"Supaya tidak ada lagi Haris dan Fatia lainnya..."

Dalam beberapa tahun terakhir, kasus-kasus intimidasi dan kriminalisasi terhadap aktivis lingkungan semakin marak.

Ilustrasi aksi unjuk rasa terkait konflik agraria. /Foto Instagram @tanahuntukrakyat

Kasus-kasus intimidasi dan kriminalisasi terhadap aktivis lingkungan semakin marak.

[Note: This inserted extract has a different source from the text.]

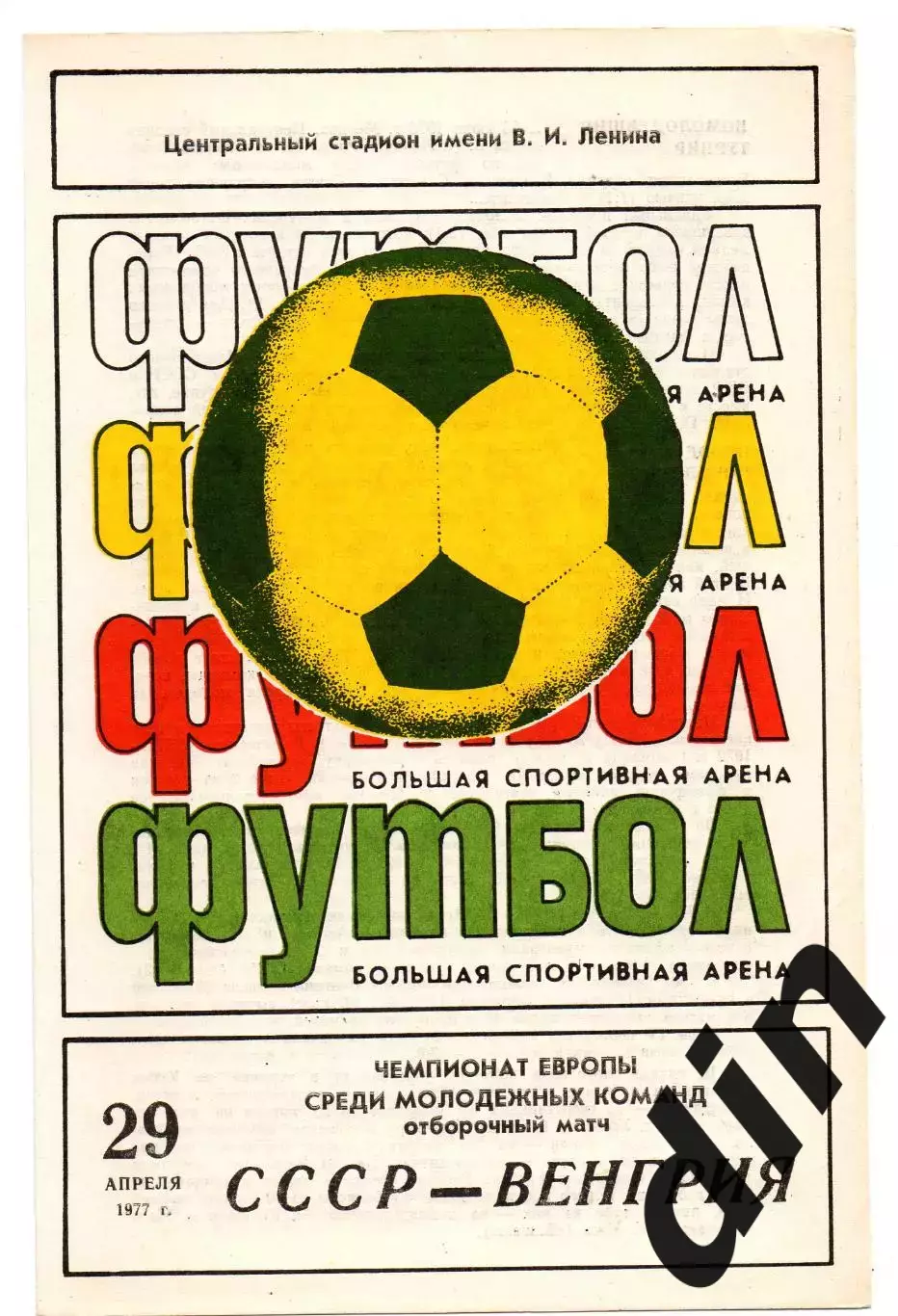 Сборная СССР- Сборная Венгрия 29.04.1977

Merujuk catatan Auriga Nusantara, setidaknya ada 133 kasus strategic lawsuit against public participation (SLAPP) atau ancaman terhadap pembela lingkungan di Indonesia sejak 2014 hingga 2023. 

Khusus 2023, tercatat ada 30 kasus SLAPP, naik dari angka tahun sebelumnya yang mencapai 24 kasus. Kriminalisasi terhadap pembela lingkungan merupakan kasus yang paling mendominasi dengan 82 kasus, diikut kekerasan fisik (20 kasus), intimidasi (15 kasus), pembunuhan (12 kasus), imigrasi atau deportasi (2 kasus), dan perusakan properti (2 kasus). 

"Sejauh ini, memang ada beberapa upaya perlindungan terhadap pembela lingkungan oleh negara. Namun, upaya perlindungan tersebut muncul secara sporadis dan berupa aturan teknis yang sangat mungkin diabaikan bila dibenturkan dengan peraturan di atasnya," tulis Auriga Nusantara dalam siaran pers yang diterima Alinea.id, beberapa waktu lalu. 

Menurut Auriga, angka itu hanya puncak gunung es. Pasalnya, data jumlah kasus dikompilasi dari ruang publik dan yang dilaporkan ke Auriga. Besar kemungkinan jumlah kasusnya jauh lebih besar karena korban tidak melapor atau kasusnya tidak tercatat di ruang publik. 

"Tak sedikit juga peraturan perundangan yang justru membuka ruang ancaman terhadap pembela lingkungan seperti UU ITE yang memenjarakan kritik dengan dalih nama baik, UU Minerba yang memasukkan protes pertambangan sebagai tindakan kriminal," tulis Auriga.